Lartu / ldpl

COBOL-like programming language that compiles to C++. With serious dinosaurs with neckties and briefcases 🦕💼
https://www.ldpl-lang.org/
Apache License 2.0
158 stars 24 forks source link

Speed up text character lookup #93

Closed xvxx closed 5 years ago

xvxx commented 5 years ago

These are two little "optimizations" that, under some circumstances, make LDPL a lot faster when working with text.

I was trying to parse a big file using LDPL, one character at a time, but it was going kinda slow. So I started tracking down where time was spent, and it looked like it was mainly in two function: join() and utf8_substr().

The first thing I did was run some benchmarks. It looked like a += b was a heck of a lot faster than join(a, b, a), so I made the compiler special case any concat-style joins.
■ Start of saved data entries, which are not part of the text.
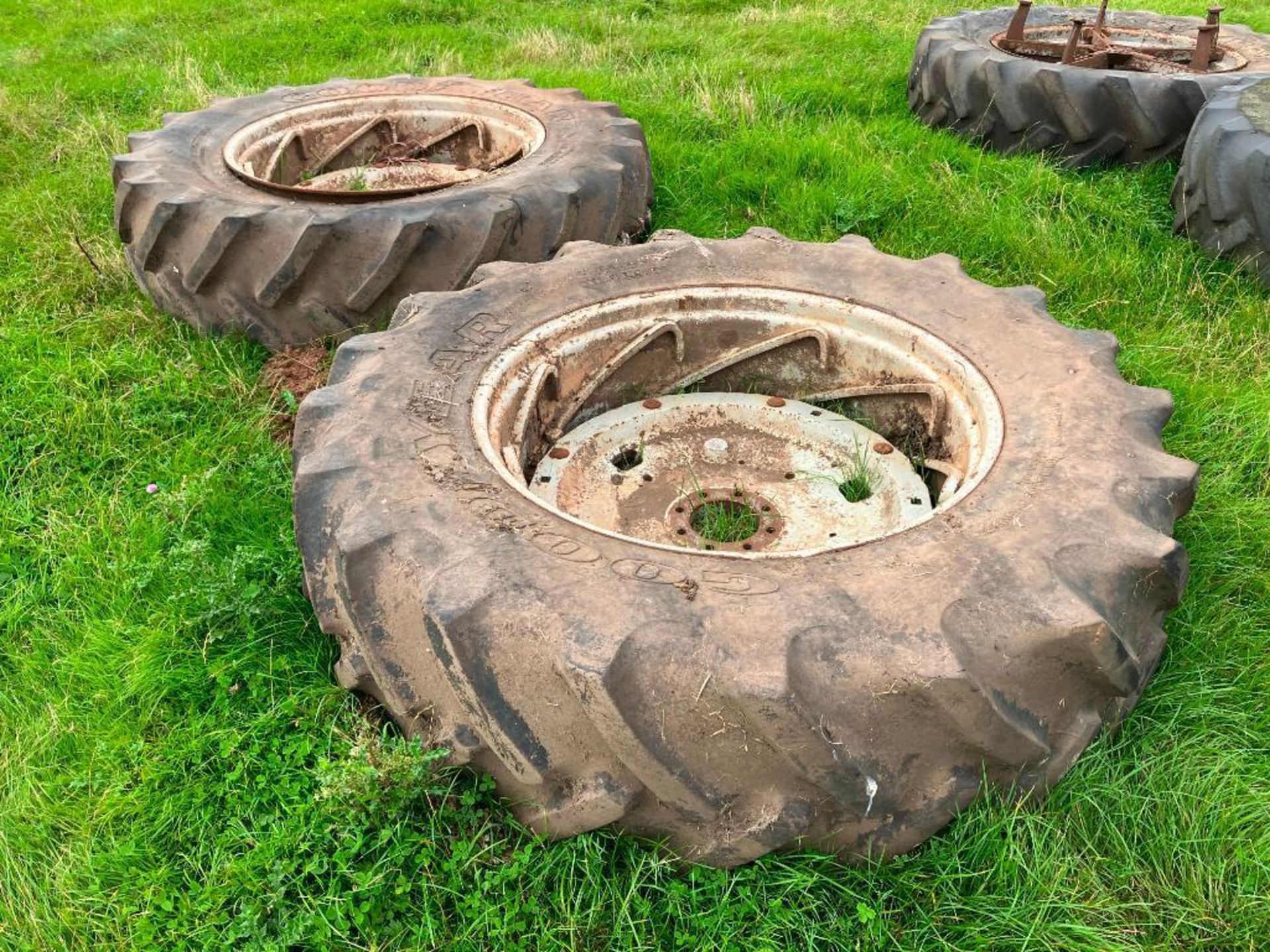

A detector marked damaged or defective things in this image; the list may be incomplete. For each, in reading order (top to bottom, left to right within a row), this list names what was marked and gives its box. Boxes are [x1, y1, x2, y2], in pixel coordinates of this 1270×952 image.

rusty steel wheel rim [990, 1, 1249, 75]
rusted hub centre [990, 2, 1249, 74]
rusty steel wheel rim [222, 92, 546, 200]
rusted hub centre [226, 93, 543, 199]
rusted hub centre [525, 396, 935, 555]
rusty steel wheel rim [472, 286, 1005, 558]
rusted hub centre [472, 286, 1005, 558] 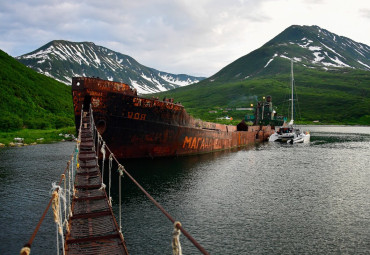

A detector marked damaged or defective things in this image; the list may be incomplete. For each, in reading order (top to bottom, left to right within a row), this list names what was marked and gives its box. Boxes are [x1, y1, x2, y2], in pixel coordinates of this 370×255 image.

rusted metal hull [72, 76, 274, 158]
rusty shipwreck [73, 76, 278, 158] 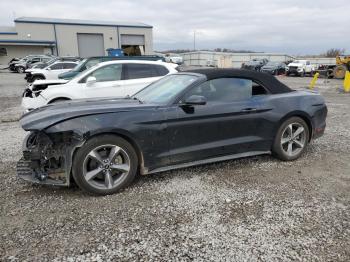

The second one is kinda nutty: Every time you call GET CHARACTER AT - FROM - IN, the whole string has to be searched starting at the beginning and all the positions of all the characters have to be re-discovered. Because of the variable widths of characters in utf8. Kind of a necessary evil, since it's so nice that LDPL supports utf8! But it means if you call get character at 1000 from $filetext in var then get character at 1001 from $filetext in var, and so on in a loop, each call is re-discovering the string and going through all 1000+ characters to find the one you asked for. It's like that movie Memento - everyone is always getting re-introduced! For big files, this can really get sluggish.

So, I added a little utf8cache inside charat() that maps positions of characters to their utf8 code points the first time a search is done on a string. This means the get in the loop basically becomes a constant time lookup, instead of O(whatever^n). There might still be some issues with how I compute the string id but it seems to work okay. All the tests pass and all the examples seem to work, as well as my projects.

I started getting a benchmark ready of the slowness, but I had to bail after 30 minutes:

LDPL 3.0.4 -- 10 runs

$ time ./slow-bin 
*** STARTING TEST ***************************************************
> performing 10 runs
^C

real    30m29.856s
user    30m26.815s
sys 0m1.417s

So I ran it again with just 1 run and it took a minute:

LDPL 3.0.4 -- 1 run

$ ./slow-bin
*** STARTING TEST ***************************************************
> performing 1 runs
> looped 146720 times (1 runs of 146720 chars)
> took 67 seconds
*************************************************** TEST COMPLETE ***

LDPL w/ character cache

Now here's the benchmark with this patch, starting out with 10 runs:

$ ./slow-bin 10
*** STARTING TEST ***************************************************
> performing 10 runs
> looped 3408240 times (10 runs of 340824 chars)
> took 1 seconds
*************************************************** TEST COMPLETE ***

So yes, much faster, but a crazy approach. And maybe it'll be slower for small strings? But it's made gild a lot faster, for one, which has been nice.

You can run the benchmark by cloning this gist and running slow.ldpl: https://gist.github.com/dvkt/443f5ddebe24e0fe406c051bee19cf3e

Any other ideas for how to speed up the lookup? Seems like most people use a big utf8 library which I didn't want to bring it. The cache could be improved too though.

xvxx commented 5 years ago

I've been playing with this a bit more and it's too aggressive in how it caches. Even though all the programs I've tested work, it could cause weird bugs if you change a string's multibyte content around but the overall size of the string doesn't change. Like if you're building a text editor or something where text gets shuffled around.

Also, it overcomplicates the generated C++ with <lots,of,funky,foo>.

I'm going to try a different approach and update in a bit.